The biggest last that I'm faced with is that this week is the last time to prove to myself that I can live without deadlines or due dates, that I can motivate without the promised reward of good grades or someone else's approval. It's been three and a half months of tanking out on myself in that regard, but who knows? Perhaps I will suddenly be injected with some alien ambition and will find myself doing more than stagnating.
What a weird, weird few months. I've made friends, watched stupid movies, gone tubing down a silk-green river. I've spent hours writing (and weeks purposefully not writing). I've read my Bible (and avoided reading it). I've had many mugs of coffee (and almost as many of tea). I've gone for walks in the burning sun, seen seven circling vultures, watched a snake coil sinisterly, laughed at yellow butterflies. I've felt the ocean spray on my face and laid awake at night longing for rain to come. I've seen the hill country in the light of a lowering sun and read books the wind tried to tear from my hands. Most importantly, I've loved the Man so intensely that the thought of him leaving...is not a thought that I want to entertain.

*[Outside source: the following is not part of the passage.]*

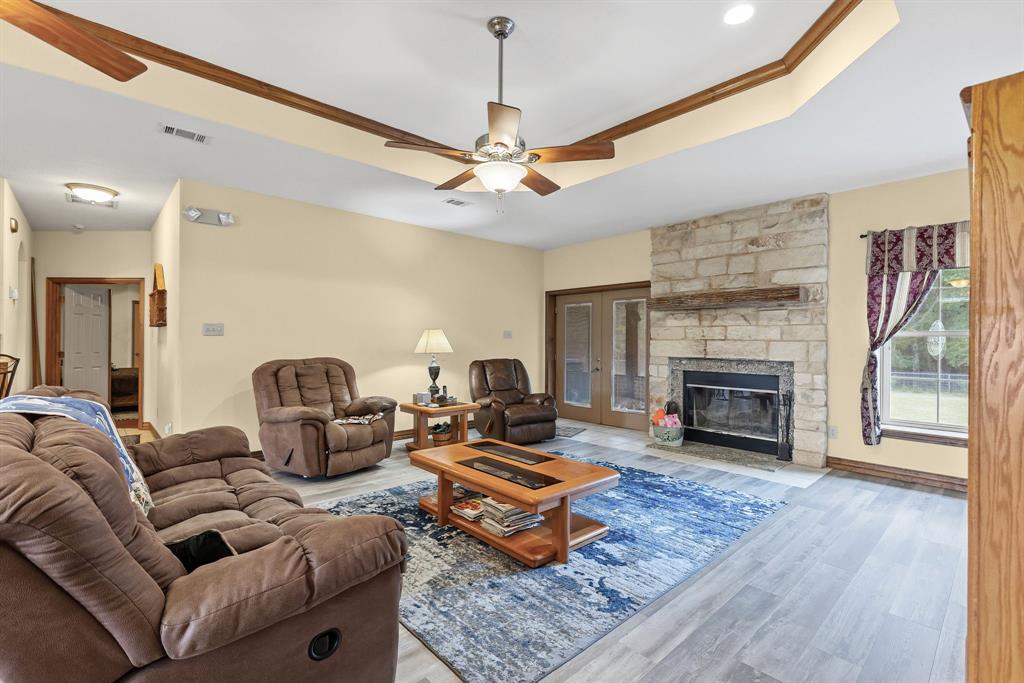 2777 RS County Road 1490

And next Friday we'll squeeze all our belongings into our sun-roofed silver car except for what can't be squeezed, and we'll leave behind "my" back road, Saturday breakfasts at La Madeleine, the toaster oven that won't work at the same time as the coffee maker, the fuzzy TV, the boxes full of the Man's MRE's, the miscellaneous gear hiding behind the armchair, the laundry basket I dragged up and down the stairs twice a week, the Do Not Disturb sign, the scratchy white towels, the view out my window...and a thousand newlywed memories.
There are rumours that there's a home waiting for me somewhere in DC. I hope so.